[[ Data under study open ]]

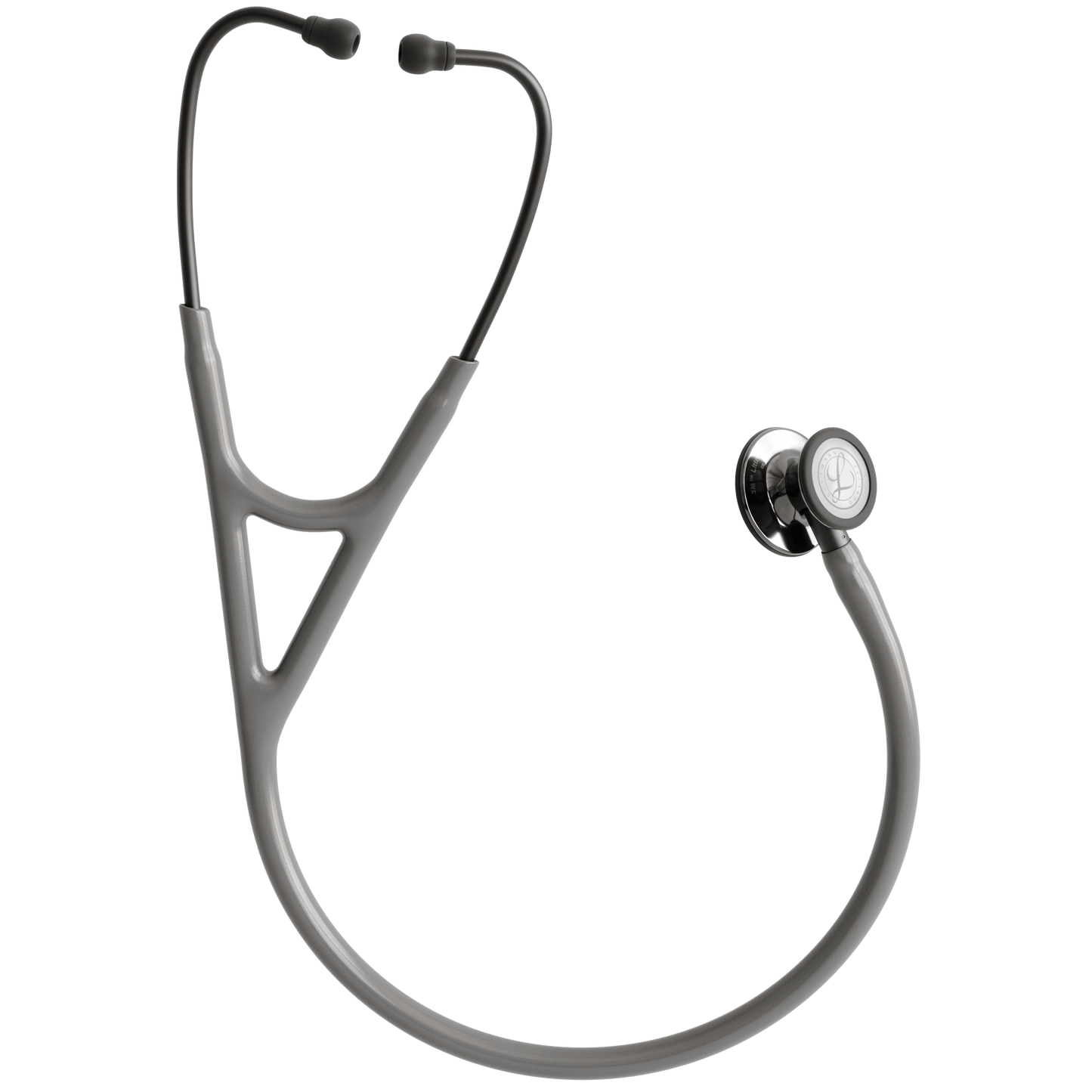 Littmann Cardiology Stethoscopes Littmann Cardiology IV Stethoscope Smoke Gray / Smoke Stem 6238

[[ Data under study closed ]]
[[ Data under study open ]]

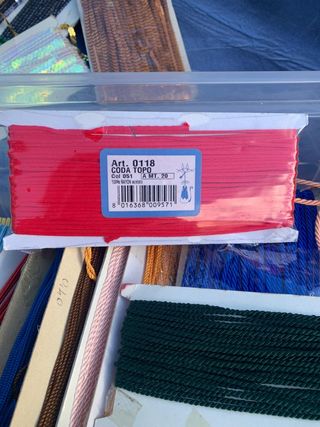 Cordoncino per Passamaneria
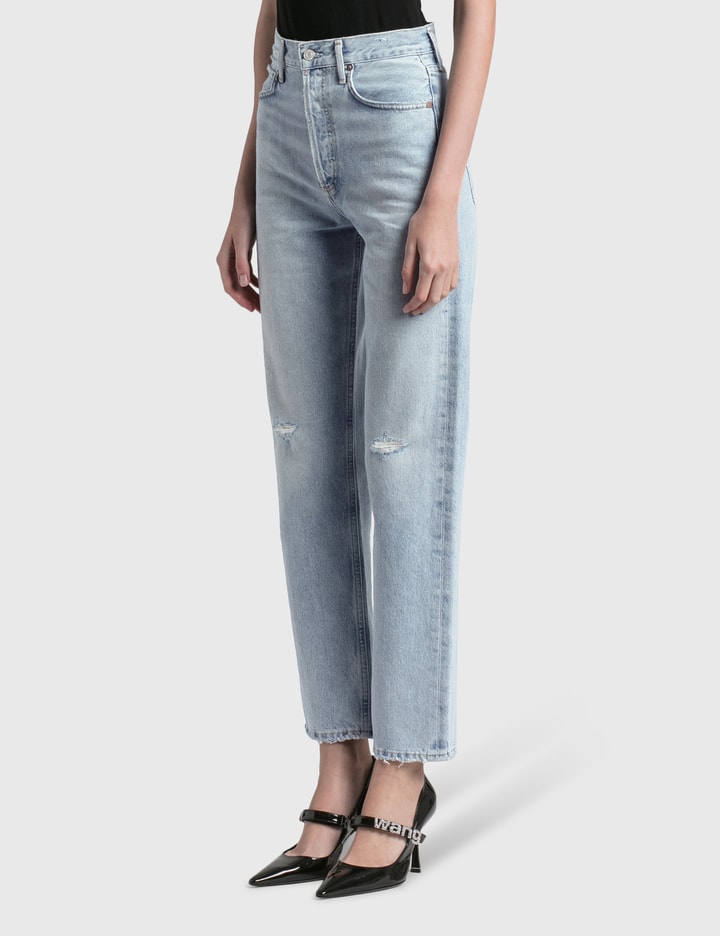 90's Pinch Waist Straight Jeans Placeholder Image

[[ Data under study closed ]]
[[ Data under study open ]]

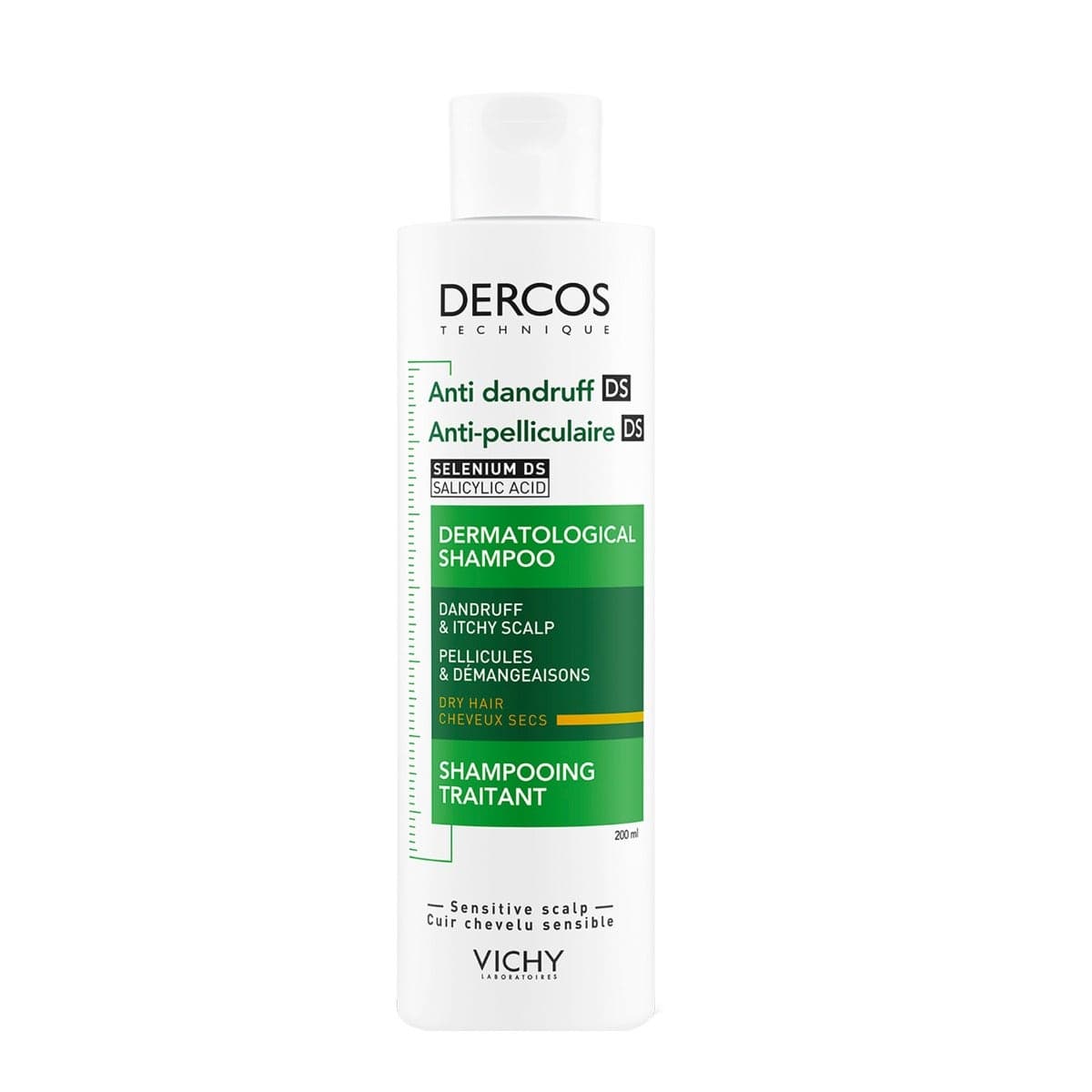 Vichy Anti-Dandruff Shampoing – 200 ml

[[ Data under study closed ]]

Give again the stretch of the entries above that begins at the line with "Cordoncino per Passamaneria" and ends at the line with "90's Pinch Waist", word for word, with no pictures.

• **Exercise result**
 Cordoncino per Passamaneria
 90's Pinch Waist Straight Jeans Placeholder Image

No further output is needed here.